Directions for this task: In the entries below, find the line with "Load image into" and the line with "Centurio (Ludányi Balázs) Korai szüret 2025"; copy them and every line between them exactly, but not the pictures.

*** Opening of Supplied material ***

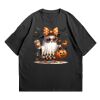 Playera Unisex: Oversized Algodón Peinado Miniatura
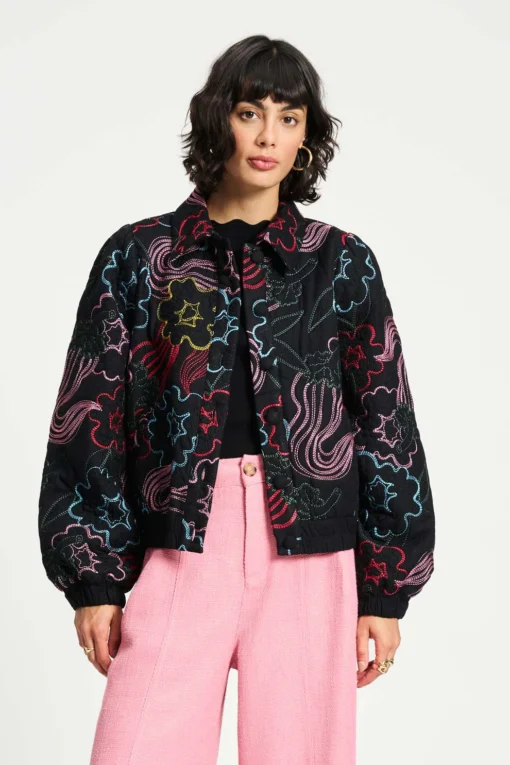 POM jacket autumn garden SP9326 multicolour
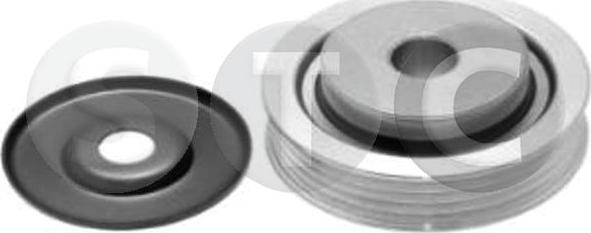 STC T449311 - Pulley, v-ribbed belt autospares.lv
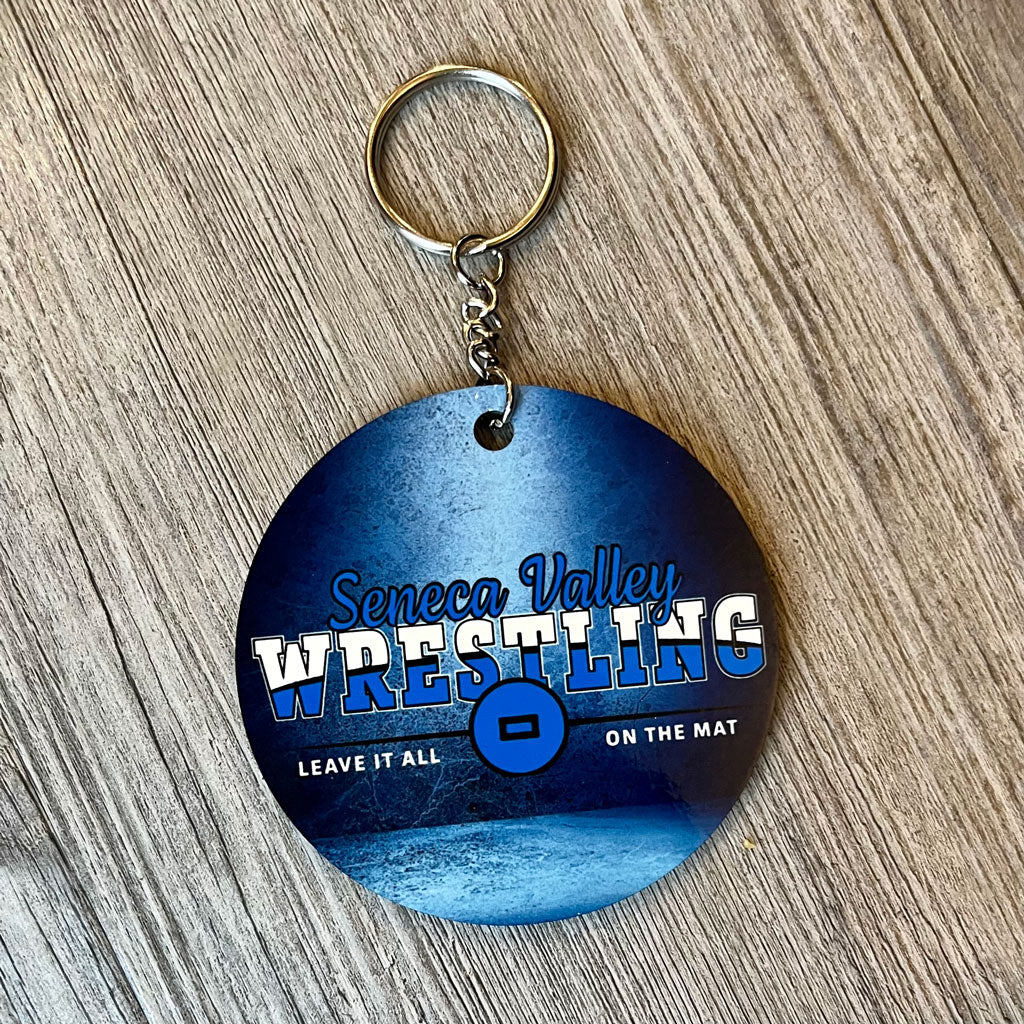 Raiders Wrestling Bag Tag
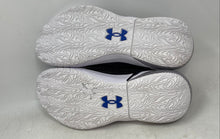 Load image into Gallery viewer, Under Armour Womens HOVR Ascent 2 Black White Blue Lace-Up Running Shoes Size 13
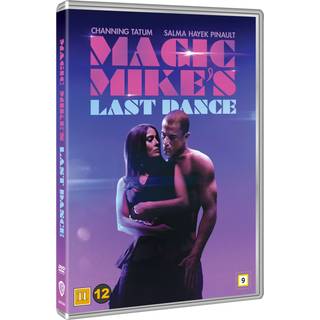 DVD Magic Mike's Last Dance (På lager i varehus)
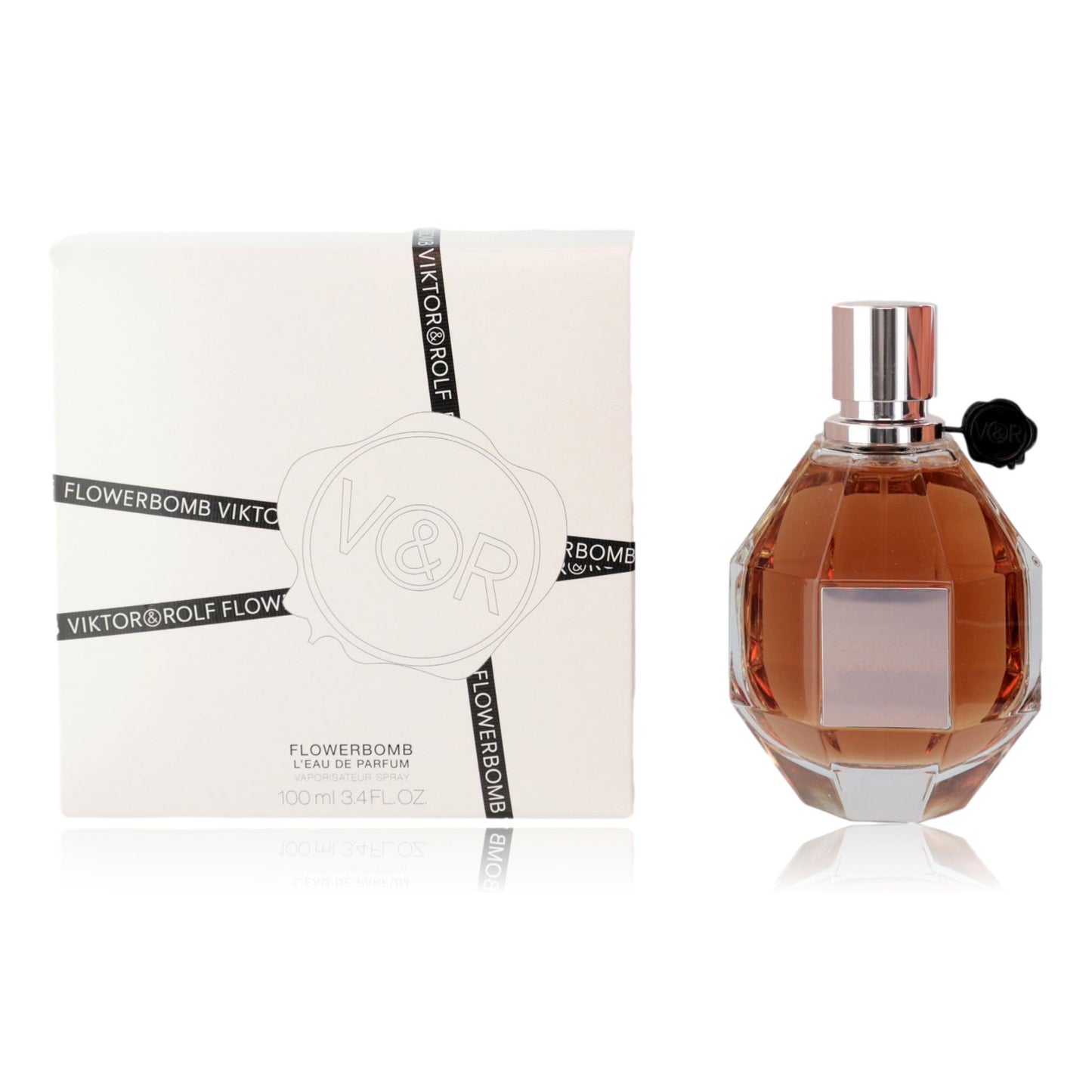Flowerbomb by Viktor & Rolf, 3.4 oz L'EDP Spray for Women TESTER by Viktor & Rolf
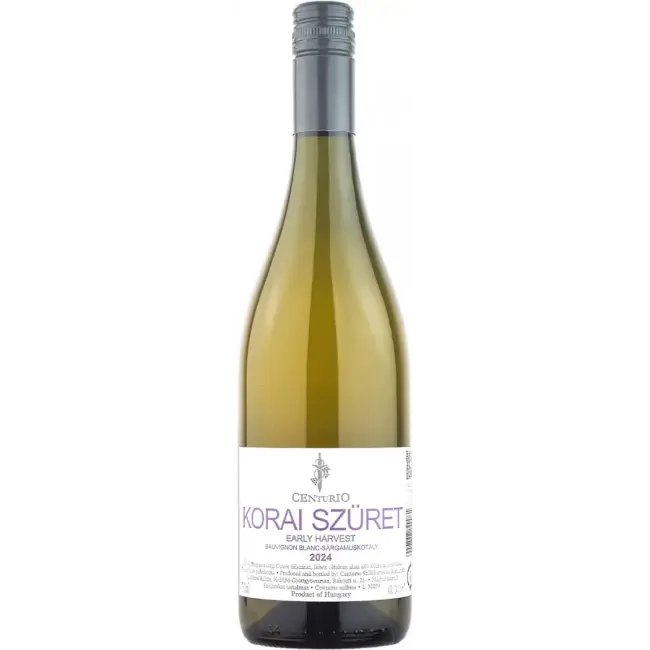Centurio (Ludányi Balázs) Korai szüret 2025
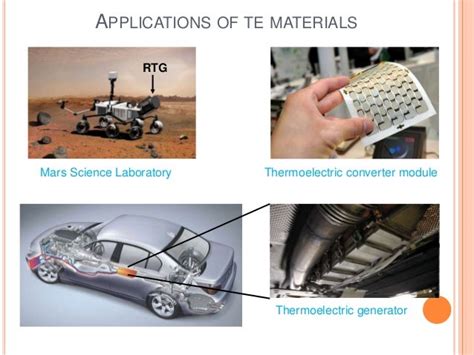 Thermoelectric Materials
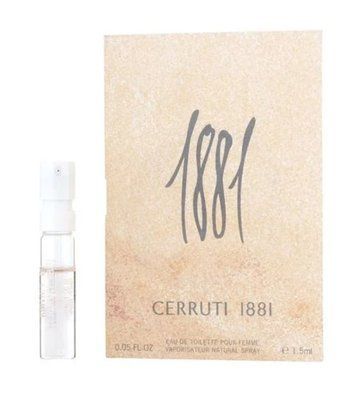 Cerruti 1881 Pour Femme Туалетна вода, пробник MC-00556 фото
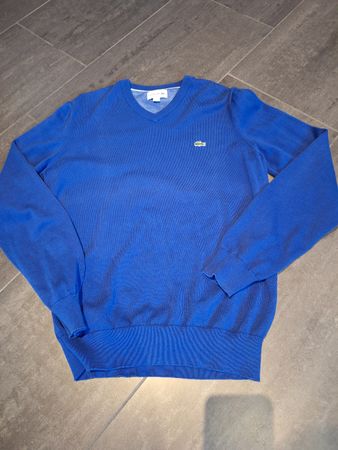 pullover LACOSTE bleu taille FR3 US S
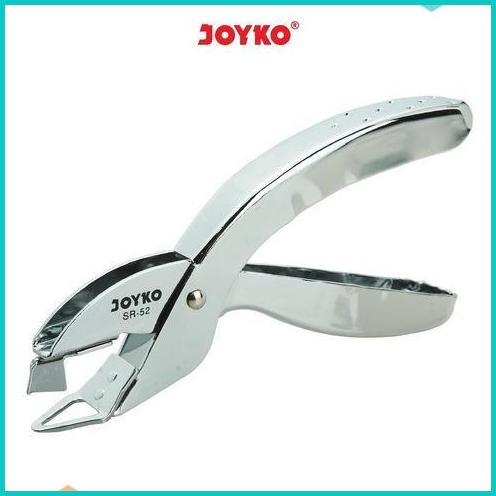 

Stapler Remover Pembuka Pelepas Staples JOYKO SR-52 Kualitas Bagus 20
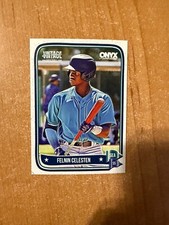2024 Onyx Vintage Baseball - Felnin Celestin - #OVFECE Base Card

*** Close of Supplied material ***

Response to this task:
 Load image into Gallery viewer, Under Armour Womens HOVR Ascent 2 Black White Blue Lace-Up Running Shoes Size 13
 DVD Magic Mike's Last Dance (På lager i varehus)
Flowerbomb by Viktor & Rolf, 3.4 oz L'EDP Spray for Women TESTER by Viktor & Rolf
Centurio (Ludányi Balázs) Korai szüret 2025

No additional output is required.